A sua tese de doutoramento, “O Reinado de D. António Prior do Crato: 1580-88”, foi defendida em Coimbra em 1957 e, pouco depois, é convidado para integrar o corpo docente da FLUL. Nos anos seguintes, constrói um sólido percurso como investigador e pedagogo. E é esse legado feito de muita gente formada sob a sua orientação que torna também o seu percurso especialmente rico. “É, justamente, a marca pedagógica, porque formou uma quantidade de alunos, incluindo futuros investigadores, arquivistas, gente ligada à cultura que teve o privilégio de conviver com o magistério do meu pai”, acrescentou o filho do historiador. Foi diretor do Centro Cultural Português, da Fundação Calouste Gulbenkian, em Paris, entre 1967 e 1972 e, no ano seguinte, tornou-se reitor da FLUL. Era amigo de Marcello Caetano – publicou inclusivamente duas obras sobre esta proximidade, Confidências no Exílio (publicada em 1985) e a Correspondência com Marcello Caetano 1974-1980, dada ao prelo em 1994 – e foi demitido do cargo após o 25 de Abril.

Em 1975 passou a presidir à Academia Portuguesa da História, cargo que manteve até 2006, e ainda hoje era presidente de honra da instituição. Na década de 80 foi ainda o grande impulsionador do Instituto Politécnico de Santarém (IPS), do qual se tornou o primeiro presidente.

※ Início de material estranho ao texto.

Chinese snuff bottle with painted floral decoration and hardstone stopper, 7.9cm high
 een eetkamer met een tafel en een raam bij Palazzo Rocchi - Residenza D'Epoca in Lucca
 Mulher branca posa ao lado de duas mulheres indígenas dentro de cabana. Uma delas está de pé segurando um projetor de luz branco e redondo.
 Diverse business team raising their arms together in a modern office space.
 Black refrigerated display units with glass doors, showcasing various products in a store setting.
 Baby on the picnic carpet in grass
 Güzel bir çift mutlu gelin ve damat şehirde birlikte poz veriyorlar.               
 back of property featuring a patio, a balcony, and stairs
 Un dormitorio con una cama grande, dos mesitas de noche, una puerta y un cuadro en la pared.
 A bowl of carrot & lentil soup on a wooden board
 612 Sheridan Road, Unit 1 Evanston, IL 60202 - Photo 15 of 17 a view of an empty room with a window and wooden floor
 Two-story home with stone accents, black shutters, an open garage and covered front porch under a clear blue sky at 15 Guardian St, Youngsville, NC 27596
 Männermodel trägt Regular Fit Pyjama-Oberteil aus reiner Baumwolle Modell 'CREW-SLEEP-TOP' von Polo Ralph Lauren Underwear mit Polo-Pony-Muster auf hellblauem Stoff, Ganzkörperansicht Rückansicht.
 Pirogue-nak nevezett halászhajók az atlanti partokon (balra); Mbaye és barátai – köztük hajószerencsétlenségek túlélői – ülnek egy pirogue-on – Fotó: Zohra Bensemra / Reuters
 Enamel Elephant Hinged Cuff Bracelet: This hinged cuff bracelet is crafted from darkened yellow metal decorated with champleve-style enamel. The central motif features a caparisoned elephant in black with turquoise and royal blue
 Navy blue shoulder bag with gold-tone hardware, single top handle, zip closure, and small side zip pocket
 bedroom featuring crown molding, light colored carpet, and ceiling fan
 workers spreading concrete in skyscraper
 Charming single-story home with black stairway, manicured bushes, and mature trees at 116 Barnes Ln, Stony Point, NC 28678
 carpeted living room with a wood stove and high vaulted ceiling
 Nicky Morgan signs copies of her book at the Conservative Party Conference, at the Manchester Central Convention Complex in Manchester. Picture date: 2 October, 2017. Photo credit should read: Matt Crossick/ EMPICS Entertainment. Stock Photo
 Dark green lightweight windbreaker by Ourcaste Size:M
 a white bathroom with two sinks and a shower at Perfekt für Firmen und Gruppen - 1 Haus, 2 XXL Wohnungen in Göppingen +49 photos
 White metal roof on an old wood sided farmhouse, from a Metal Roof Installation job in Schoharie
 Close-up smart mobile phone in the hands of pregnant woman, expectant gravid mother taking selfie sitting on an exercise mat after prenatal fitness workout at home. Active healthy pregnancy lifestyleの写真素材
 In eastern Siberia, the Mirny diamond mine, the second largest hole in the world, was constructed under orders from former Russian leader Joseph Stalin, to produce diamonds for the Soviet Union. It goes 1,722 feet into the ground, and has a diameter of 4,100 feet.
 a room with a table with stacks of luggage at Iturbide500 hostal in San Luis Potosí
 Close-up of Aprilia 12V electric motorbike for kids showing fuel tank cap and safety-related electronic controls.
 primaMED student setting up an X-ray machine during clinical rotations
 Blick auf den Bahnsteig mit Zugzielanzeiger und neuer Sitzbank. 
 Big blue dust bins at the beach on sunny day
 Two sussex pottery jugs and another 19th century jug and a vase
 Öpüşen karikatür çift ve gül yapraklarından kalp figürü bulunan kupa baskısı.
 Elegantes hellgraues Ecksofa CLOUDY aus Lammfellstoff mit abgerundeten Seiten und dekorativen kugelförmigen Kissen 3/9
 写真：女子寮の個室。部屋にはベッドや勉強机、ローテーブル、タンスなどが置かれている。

Ao longo da sua carreira foi distinguido diversas vezes, nomeadamente com o Prémio Príncipe das Astúrias Ciências Sociais, em 1995. Era académico efetivo da Academia das Ciências de Lisboa e, entre outras instituições científicas, membro efetivo da Academia de Yuste, em Espanha, para além de ter recebido vários doutoramentos honoris causa.

Quando fez 85 anos doou a sua biblioteca à Câmara Municipal de Santarém, que agora decretou três dias de luto municipal devido à morte do historiador. Marcelo Rebelo de Sousa lamentou o desaparecimento de Veríssimo Serrão, lembrando um “amigo de muitos anos” que deixou “numerosos discípulos”.